Un vœu pieux, tant la concurrence s’est organisée, au nord comme au sud de la
Méditerranée. «Sur quels fondements économiques s’appuient les investisseurs qui
créent ces grands ports, dans chaque pays, en revendiquant les mêmes flux que
ceux qu’espèrent attirer leurs voisins?», s’est interrogé Jean-Louis Reiffers.
Le président du conseil scientifique du Forum euroméditerranéen des instituts de
sciences économiques (Femise) assène la nécessité pour les pays du sud de se
rapprocher les uns des autres et de trouver leur modèle démocratique, en
soutenant l’entreprenariat tout en mettant en place des filets sociaux. «Mais
sans porter aux nues le modèle turc», a défendu le conseil du président de la
Chambre de commerce d’Istanbul.

Eren Paykal entend bien les voix qui vantent les progrès réalisés par la
Turquie, la montrant comme un exemple à suivre dans une Méditerranée chahutée.
Mais il considère que chacun doit trouver sa voie et estime que son pays ne peut
jouer qu’un rôle complémentaire, notamment du point de vue économique, avec ses
voisins arabes.

Medhi Laraki partage cette vision. Le directeur général du groupe Gelacom voit
en son pays, le Maroc, un leader régional, dans une réorganisation des échanges
non plus entre le nord et le sud, mais entre l’est et l’ouest de la
Méditerranée, en s’appuyant d’un côté sur le Maroc et de l’autre sur la Turquie.

Etablir une stabilité politique

Le directeur général d’Eurofret, Richard Arditti, observe quant à lui ces
évènements d’un œil optimiste, d’autant qu’il assure n’avoir accusé aucun effet
négatif des révolutions arabes sur les flux de marchandises transportées entre
le Maghreb et Marseille. «Il y a évidemment des incertitudes politiques, mais
globalement, nos perspectives en Méditerranée sont bonnes. Les entreprises
devront saisir les opportunités commerciales qui se présentent». En se montrant
plus agressives, comme le soutient le commissaire aux comptes algérien Larbi
Redjimi, convaincu que les sociétés françaises sont, du fait de la proximité
culturelle, les mieux placées pour travailler dans son pays.

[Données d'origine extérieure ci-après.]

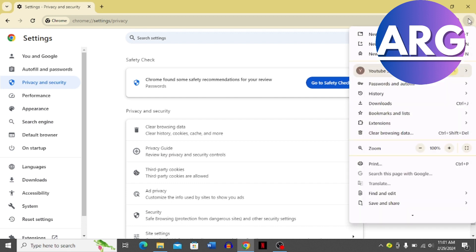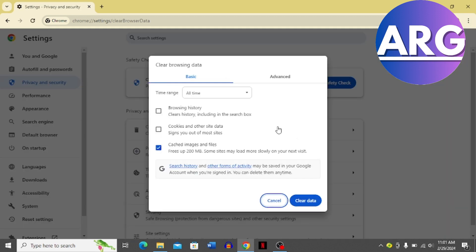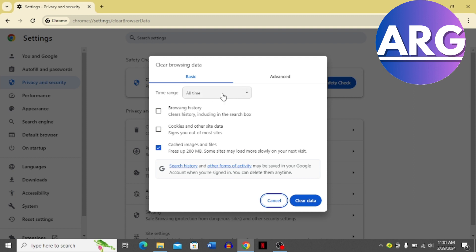dots on the top right corner, and then choose the 'clear browsing data' option. It's going to load this page for you. In this page, you have to come to the time range and choose 'all time.'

Pour le directeur représentant la Banque européenne d’investissement (BEI) à
Paris, la réussite économique implique l’instauration de nouvelles relations de
travail. Henri Marty-Gauquié rappelle les 2,6 mrds € investis par la BEI en
Méditerranée en 2010, et surtout les 27 mrds € que la communauté internationale
s’est engagée à débloquer pour la Tunisie, l’Égypte, le Maroc et la Jordanie
d’ici 2013. Mais il met en garde: «La mise en place de financements
multilatéraux est impossible sans stabilité politique». Politiquement comme
économiquement, tout repose donc sur les élections qui s’annoncent dans ces pays
avant la fin de l’année 2011.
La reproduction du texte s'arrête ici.